#### The problem:
Your answer should be only the lines below from the one with "Newface One Plus" to the one with "Bodegas Casa Juan", repeated exactly, ends included.

Saved data entries

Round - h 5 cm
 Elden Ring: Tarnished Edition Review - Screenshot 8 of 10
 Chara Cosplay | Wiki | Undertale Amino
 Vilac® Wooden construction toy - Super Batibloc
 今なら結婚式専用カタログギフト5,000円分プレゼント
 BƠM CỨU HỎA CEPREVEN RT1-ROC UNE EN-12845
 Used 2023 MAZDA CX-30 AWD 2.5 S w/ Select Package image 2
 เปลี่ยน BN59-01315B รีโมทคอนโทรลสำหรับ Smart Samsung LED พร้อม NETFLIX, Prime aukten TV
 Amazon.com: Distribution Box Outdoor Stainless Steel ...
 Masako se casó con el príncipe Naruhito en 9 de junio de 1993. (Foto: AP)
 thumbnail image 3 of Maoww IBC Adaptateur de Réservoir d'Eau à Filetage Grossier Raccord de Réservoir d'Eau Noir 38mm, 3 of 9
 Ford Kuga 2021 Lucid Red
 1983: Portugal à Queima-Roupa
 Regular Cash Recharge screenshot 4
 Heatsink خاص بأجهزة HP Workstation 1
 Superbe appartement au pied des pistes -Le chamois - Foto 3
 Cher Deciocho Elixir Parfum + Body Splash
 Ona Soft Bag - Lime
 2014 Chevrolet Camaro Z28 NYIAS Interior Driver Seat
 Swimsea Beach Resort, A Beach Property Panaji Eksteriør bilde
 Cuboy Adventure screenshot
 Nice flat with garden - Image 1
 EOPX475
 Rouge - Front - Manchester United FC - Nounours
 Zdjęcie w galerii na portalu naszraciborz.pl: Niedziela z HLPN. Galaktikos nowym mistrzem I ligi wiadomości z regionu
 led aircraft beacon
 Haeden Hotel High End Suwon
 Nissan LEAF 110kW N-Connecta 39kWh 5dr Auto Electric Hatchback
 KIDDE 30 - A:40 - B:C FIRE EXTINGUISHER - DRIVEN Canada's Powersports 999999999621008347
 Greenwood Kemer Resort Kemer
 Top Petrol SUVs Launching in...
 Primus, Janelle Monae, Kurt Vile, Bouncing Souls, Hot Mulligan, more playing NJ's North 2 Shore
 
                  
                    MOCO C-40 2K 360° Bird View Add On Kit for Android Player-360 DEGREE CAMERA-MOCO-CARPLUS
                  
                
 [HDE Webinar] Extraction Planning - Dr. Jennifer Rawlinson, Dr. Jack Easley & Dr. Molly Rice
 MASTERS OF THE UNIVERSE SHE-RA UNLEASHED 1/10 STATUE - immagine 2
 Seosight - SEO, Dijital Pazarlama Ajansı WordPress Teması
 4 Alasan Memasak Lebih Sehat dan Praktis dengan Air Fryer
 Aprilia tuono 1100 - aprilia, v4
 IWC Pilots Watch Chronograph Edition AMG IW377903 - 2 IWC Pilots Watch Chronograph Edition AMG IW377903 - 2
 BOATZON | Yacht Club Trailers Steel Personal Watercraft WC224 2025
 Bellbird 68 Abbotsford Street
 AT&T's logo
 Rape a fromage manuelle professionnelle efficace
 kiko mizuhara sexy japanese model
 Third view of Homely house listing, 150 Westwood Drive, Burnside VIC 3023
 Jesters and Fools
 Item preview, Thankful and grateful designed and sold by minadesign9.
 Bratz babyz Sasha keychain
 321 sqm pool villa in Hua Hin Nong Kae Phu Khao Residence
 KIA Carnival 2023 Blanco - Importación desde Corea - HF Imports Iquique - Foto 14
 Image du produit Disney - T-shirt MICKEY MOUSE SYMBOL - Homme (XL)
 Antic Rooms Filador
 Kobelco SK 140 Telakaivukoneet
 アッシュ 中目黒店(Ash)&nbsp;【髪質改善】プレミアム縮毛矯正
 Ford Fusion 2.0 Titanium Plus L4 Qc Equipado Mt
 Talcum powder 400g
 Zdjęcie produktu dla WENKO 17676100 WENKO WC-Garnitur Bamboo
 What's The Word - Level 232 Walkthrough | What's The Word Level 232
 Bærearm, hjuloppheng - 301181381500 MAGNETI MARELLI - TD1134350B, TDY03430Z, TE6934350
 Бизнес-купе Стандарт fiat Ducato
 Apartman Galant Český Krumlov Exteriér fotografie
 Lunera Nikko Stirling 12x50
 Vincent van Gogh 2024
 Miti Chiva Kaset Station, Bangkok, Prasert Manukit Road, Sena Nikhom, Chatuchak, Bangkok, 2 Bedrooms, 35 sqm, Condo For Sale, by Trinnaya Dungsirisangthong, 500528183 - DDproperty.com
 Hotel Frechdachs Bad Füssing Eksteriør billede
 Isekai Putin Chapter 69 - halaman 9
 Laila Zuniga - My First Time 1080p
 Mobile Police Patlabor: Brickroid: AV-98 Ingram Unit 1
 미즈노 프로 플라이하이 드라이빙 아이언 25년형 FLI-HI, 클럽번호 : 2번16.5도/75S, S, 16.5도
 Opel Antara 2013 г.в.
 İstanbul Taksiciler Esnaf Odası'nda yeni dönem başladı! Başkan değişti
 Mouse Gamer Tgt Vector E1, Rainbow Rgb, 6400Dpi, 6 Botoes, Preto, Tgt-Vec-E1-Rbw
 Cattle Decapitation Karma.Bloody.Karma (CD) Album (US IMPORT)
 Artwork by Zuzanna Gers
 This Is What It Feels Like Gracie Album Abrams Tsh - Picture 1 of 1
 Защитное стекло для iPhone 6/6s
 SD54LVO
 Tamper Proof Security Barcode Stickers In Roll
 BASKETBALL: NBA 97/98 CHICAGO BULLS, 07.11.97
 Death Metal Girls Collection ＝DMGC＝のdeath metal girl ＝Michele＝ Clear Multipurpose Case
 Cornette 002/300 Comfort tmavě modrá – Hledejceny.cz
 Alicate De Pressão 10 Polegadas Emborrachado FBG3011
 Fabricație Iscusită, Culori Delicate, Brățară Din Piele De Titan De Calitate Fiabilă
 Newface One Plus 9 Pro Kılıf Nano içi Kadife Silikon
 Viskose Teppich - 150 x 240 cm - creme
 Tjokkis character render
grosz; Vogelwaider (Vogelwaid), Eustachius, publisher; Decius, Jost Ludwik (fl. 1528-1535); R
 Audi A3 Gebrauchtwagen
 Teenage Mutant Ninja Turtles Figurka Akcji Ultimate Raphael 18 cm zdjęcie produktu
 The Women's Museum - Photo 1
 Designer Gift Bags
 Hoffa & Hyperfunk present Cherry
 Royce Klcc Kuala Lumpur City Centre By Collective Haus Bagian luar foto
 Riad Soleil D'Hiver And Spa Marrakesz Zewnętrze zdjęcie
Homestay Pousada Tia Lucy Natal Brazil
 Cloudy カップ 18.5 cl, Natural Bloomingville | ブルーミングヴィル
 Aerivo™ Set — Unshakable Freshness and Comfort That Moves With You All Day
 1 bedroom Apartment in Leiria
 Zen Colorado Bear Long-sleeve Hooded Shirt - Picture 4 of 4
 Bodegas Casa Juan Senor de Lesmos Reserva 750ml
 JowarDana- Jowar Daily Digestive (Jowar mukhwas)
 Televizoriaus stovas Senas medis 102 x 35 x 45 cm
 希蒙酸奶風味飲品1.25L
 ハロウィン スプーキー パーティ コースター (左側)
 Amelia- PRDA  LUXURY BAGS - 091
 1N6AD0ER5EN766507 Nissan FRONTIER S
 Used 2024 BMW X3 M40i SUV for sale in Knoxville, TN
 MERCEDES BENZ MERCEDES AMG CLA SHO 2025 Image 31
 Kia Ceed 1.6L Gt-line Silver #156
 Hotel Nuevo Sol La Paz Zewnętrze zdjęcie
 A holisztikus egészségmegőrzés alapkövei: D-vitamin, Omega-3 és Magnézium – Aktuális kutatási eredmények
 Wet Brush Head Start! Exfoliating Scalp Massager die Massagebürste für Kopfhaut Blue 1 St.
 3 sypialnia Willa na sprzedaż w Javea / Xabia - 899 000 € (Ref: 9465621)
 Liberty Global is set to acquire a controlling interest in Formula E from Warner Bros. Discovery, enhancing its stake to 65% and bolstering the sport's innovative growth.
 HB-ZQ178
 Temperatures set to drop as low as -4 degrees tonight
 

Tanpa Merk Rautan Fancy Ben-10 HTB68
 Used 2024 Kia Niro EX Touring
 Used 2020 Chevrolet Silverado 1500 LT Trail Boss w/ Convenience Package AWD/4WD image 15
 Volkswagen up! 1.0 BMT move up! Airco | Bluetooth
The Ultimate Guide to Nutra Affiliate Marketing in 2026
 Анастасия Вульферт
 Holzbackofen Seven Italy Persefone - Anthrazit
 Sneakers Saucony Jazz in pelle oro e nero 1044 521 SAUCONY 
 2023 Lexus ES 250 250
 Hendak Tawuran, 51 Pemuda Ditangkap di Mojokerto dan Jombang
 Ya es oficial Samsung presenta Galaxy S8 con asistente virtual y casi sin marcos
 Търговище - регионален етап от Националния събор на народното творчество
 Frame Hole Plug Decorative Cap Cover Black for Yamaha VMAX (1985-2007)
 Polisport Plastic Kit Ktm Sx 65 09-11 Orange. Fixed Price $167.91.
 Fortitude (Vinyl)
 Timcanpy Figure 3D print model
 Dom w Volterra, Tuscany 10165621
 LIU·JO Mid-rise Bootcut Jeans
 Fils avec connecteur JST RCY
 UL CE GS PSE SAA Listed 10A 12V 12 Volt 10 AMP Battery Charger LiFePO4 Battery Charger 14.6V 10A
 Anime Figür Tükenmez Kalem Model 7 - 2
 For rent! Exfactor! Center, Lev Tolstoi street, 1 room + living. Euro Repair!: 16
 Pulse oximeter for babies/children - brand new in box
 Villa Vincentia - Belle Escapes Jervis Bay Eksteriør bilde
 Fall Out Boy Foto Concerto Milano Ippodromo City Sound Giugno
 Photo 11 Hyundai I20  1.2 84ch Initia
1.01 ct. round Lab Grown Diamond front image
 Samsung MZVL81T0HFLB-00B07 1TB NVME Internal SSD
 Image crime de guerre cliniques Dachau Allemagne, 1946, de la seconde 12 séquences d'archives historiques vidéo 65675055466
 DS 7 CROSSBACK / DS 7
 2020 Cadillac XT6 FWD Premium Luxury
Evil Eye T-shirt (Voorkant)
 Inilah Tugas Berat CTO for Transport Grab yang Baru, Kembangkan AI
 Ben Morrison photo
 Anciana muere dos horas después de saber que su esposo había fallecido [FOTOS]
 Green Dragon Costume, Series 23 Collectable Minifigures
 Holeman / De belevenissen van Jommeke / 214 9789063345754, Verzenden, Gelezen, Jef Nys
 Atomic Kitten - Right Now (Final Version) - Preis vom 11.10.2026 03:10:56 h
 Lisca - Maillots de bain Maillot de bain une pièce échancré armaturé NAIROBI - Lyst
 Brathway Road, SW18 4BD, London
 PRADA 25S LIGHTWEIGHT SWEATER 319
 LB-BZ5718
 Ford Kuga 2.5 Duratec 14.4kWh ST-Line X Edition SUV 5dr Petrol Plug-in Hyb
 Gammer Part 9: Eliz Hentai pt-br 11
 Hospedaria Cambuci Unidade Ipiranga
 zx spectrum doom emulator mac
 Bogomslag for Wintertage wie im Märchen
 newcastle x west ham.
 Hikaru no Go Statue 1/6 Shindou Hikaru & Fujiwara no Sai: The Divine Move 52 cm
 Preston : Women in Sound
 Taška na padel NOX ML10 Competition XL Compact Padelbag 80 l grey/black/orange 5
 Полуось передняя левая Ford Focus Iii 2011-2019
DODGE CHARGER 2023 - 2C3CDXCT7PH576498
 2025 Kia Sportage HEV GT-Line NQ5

#### Problem solution:
 Newface One Plus 9 Pro Kılıf Nano içi Kadife Silikon
 Viskose Teppich - 150 x 240 cm - creme
 Tjokkis character render
grosz; Vogelwaider (Vogelwaid), Eustachius, publisher; Decius, Jost Ludwik (fl. 1528-1535); R
 Audi A3 Gebrauchtwagen
 Teenage Mutant Ninja Turtles Figurka Akcji Ultimate Raphael 18 cm zdjęcie produktu
 The Women's Museum - Photo 1
 Designer Gift Bags
 Hoffa & Hyperfunk present Cherry
 Royce Klcc Kuala Lumpur City Centre By Collective Haus Bagian luar foto
 Riad Soleil D'Hiver And Spa Marrakesz Zewnętrze zdjęcie
Homestay Pousada Tia Lucy Natal Brazil
 Cloudy カップ 18.5 cl, Natural Bloomingville | ブルーミングヴィル
 Aerivo™ Set — Unshakable Freshness and Comfort That Moves With You All Day
 1 bedroom Apartment in Leiria
 Zen Colorado Bear Long-sleeve Hooded Shirt - Picture 4 of 4
 Bodegas Casa Juan Senor de Lesmos Reserva 750ml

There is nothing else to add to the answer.